Ce statut lui fera d’ailleurs prendre position publiquement, dans une première tribune cosignée avec ses consœurs Caroline Samer et Alexandra Calmy, médecins aux Hôpitaux universitaires de Genève (HUG). "Les femmes peuvent être plus sujettes que les hommes à la cyberintimidation, qui vise à dénigrer leur probité et leur compétence scientifique. Les commentaires sont souvent dirigés contre leurs caractéristiques physiques ou destinés à les juger et à leur nuire", témoignent les trois médecins dans les colonnes du Lancet, arguant que "l'image des femmes dans les rôles scientifiques doit être normalisée". Face à ce torrent de haine, déversé par des partisans de Didier Raoult avant qu'ils ne soient relayés par des antivax, Karine Lacombe a choisi d’emprunter la voie judiciaire. Mais sa plainte a fini par être classée sans suite, faute d’identification des auteurs. 

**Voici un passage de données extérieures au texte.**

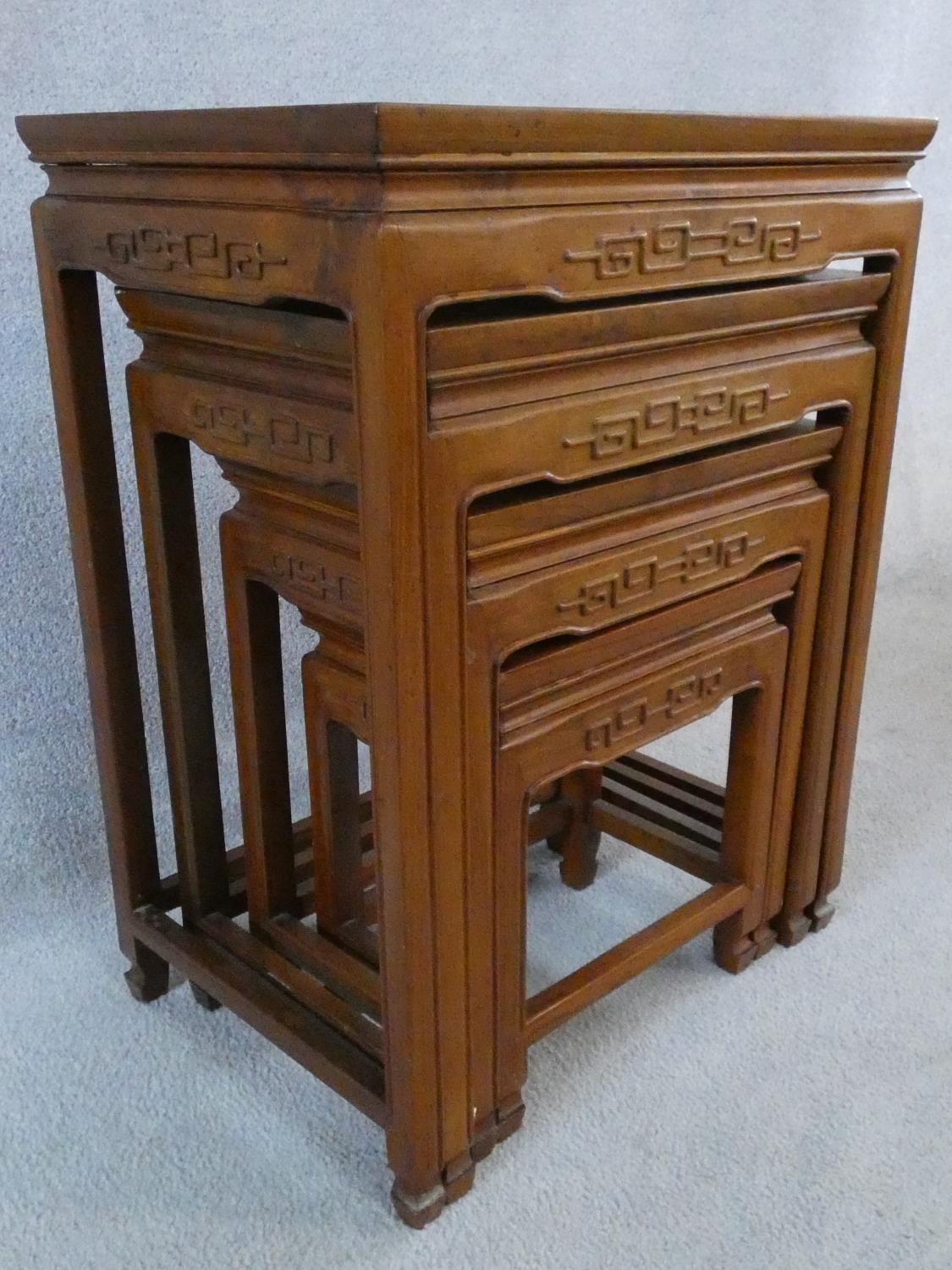 A nest of four Chinese hardwood graduating occasional tables with carved frieze on shaped - Image 10 of 11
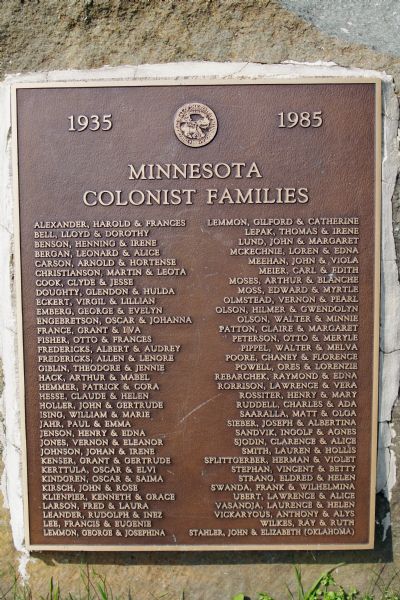 Plaque for Minnesota Colonist Families, outdoors on a rock, 1935-1985.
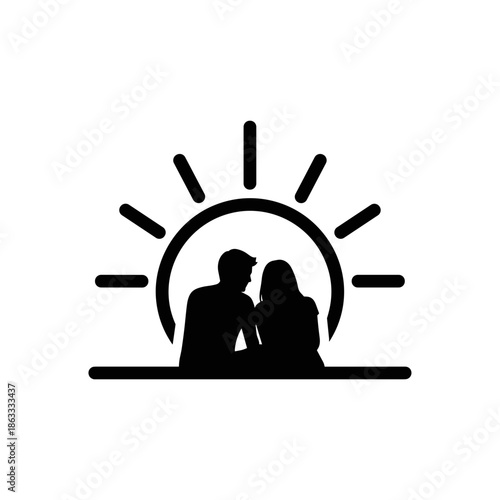 Silhouette of couple sitting together in front of sunrise background  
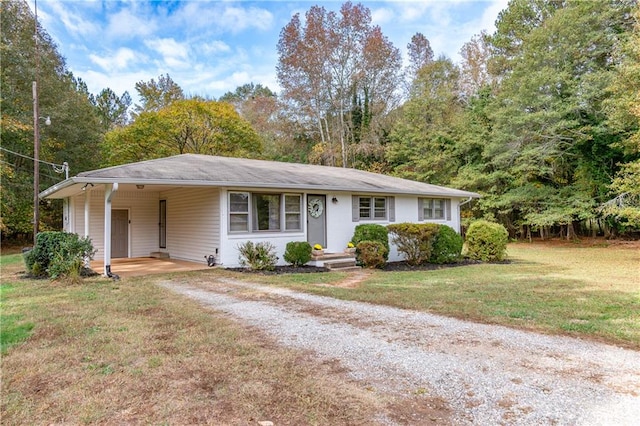 ranch-style home with a front lawn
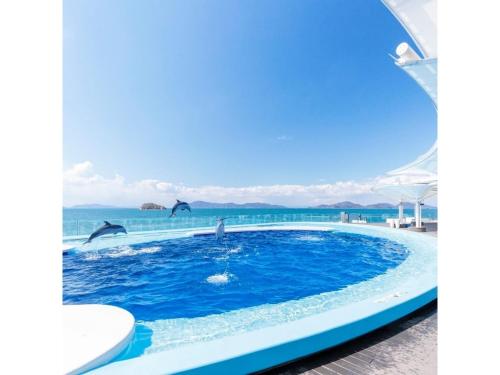 a pool with dolphins jumping in the water at Zentsuji Grand Hotel - Vacation STAY 16629v in Zentsuji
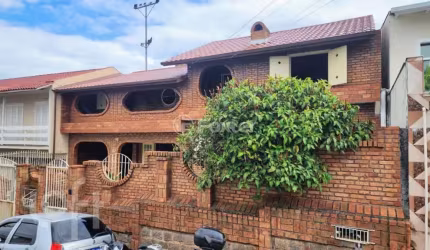 Casa com 4 quartos à venda na Rua São Cristóvão, 207, Coqueiros, Florianópolis, 151 m2 por R$ 990.000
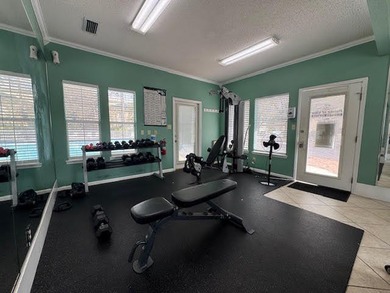 This fully furnished ground floor condo has tile floor and - photo 24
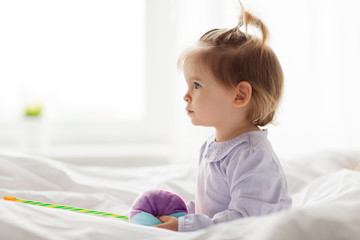 Fototapeta premium lovely little girl with toys in bed at home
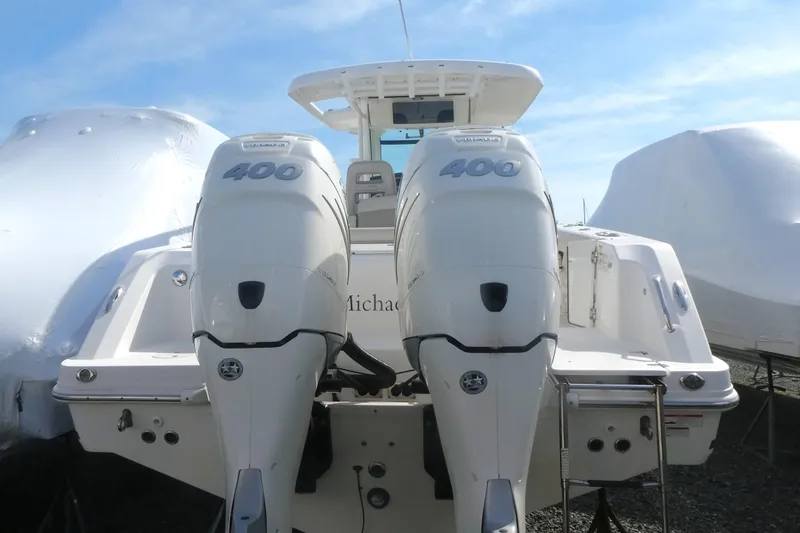 Slide: The Image of 2020 Boston Whaler 330 Outrage with twin 400 horsepower engines, docked under clear skies. - 1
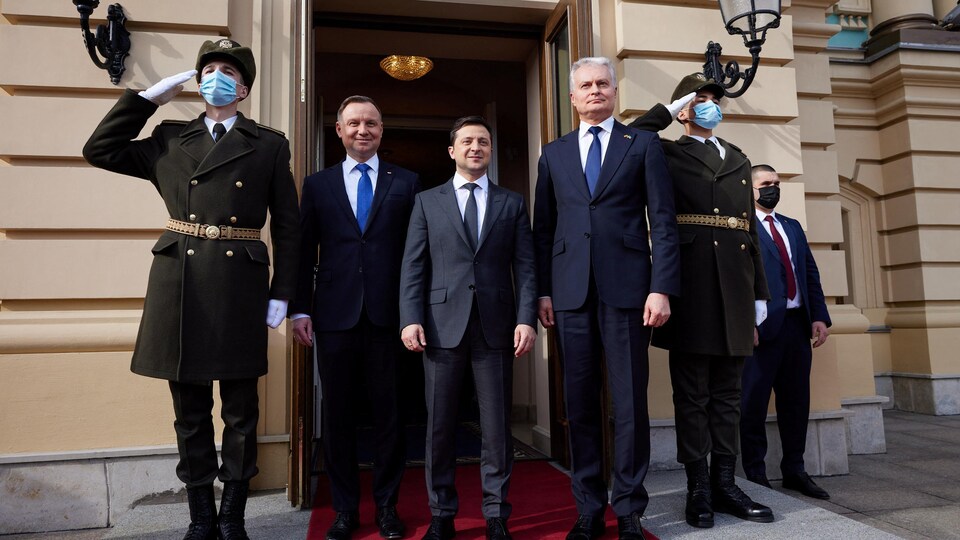 Volodymyr Zelensky, en compagnie Andrzej Duda et Gitanas Nauseda. aux côtés de deux hommes en uniforme au garde-à-vous.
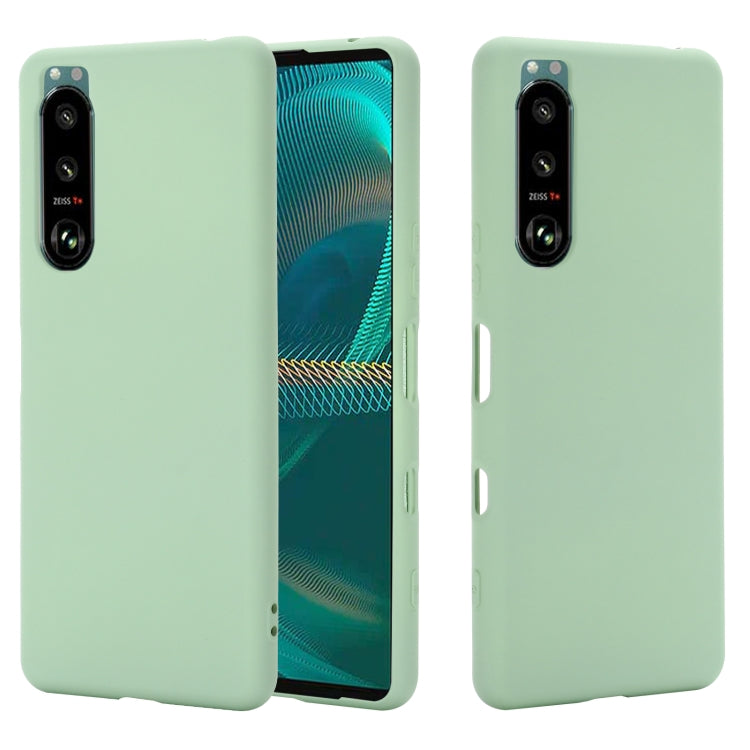 Mint green liquid silicone phone case with full coverage and camera openings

Pas de quoi décourager l’infectiologue, qui continue de saisir les opportunités médiatiques pour prendre part au combat.  Mais après un an et demi de pandémie, le manque de soutien public devient pesant. "Que font les autorités pour lutter contre ça ? Pourquoi le parquet ne se saisit pas ?", s’interroge Karine Lacombe, regrettant ce silence de l’État. "On nous menace, mais des centres de vaccination et des pharmacies ont été détruits. Il faut que les autorités s’expriment publiquement et prennent position." En juin, le sénateur socialiste Bernard Jomier, interpellé par Citizen4Science, interrogeait le gouvernement sur ses actions pour "protéger les scientifiques victimes de ces actes". Une demande restée lettre morte à ce jour.